• WORK INSTRUCTIONS: Leaving out the images, reproduce every line of the data that follows exactly.

Web page caption snippets:

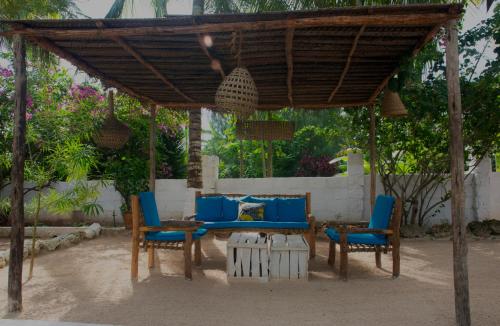 Κήπος έξω από το Bahati Villa
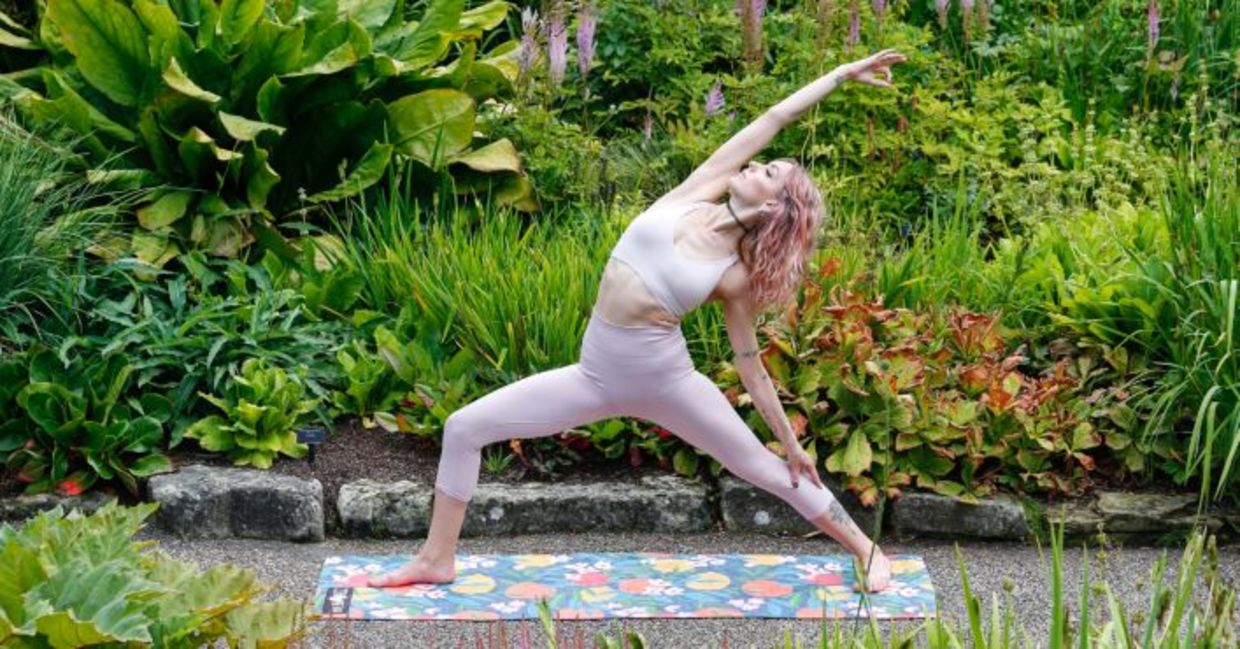 the Reverse Warrior poses opens the sacral chakra. the Reverse Warrior poses opens the sacral chakra.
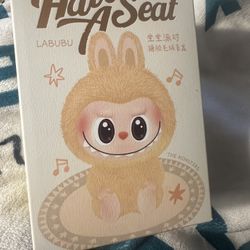 Dada Labubu 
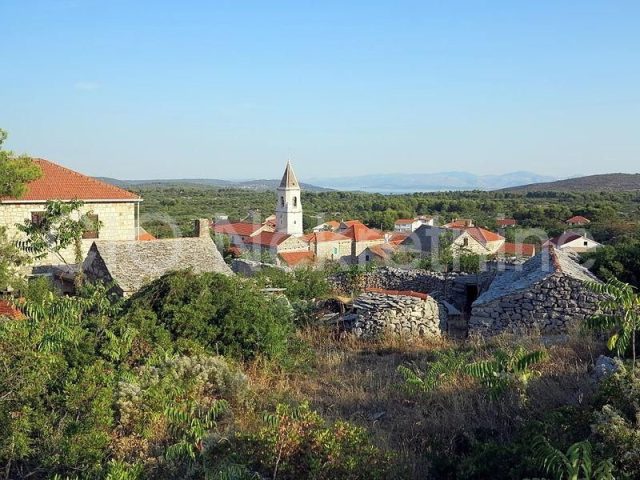 Pozemek na prodej 331 m² – Donje Selo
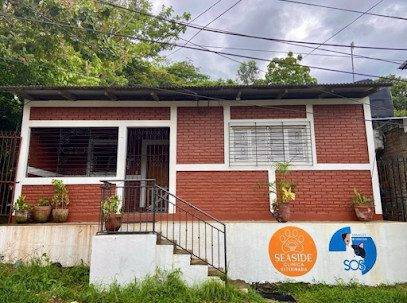 Exterior view of Seaside Clínica Veterinaria in San Juan del Sur, Nicaragua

• FINISHED TASK:
 Κήπος έξω από το Bahati Villa
 the Reverse Warrior poses opens the sacral chakra. the Reverse Warrior poses opens the sacral chakra.
 Dada Labubu 
 Pozemek na prodej 331 m² – Donje Selo
 Exterior view of Seaside Clínica Veterinaria in San Juan del Sur, Nicaragua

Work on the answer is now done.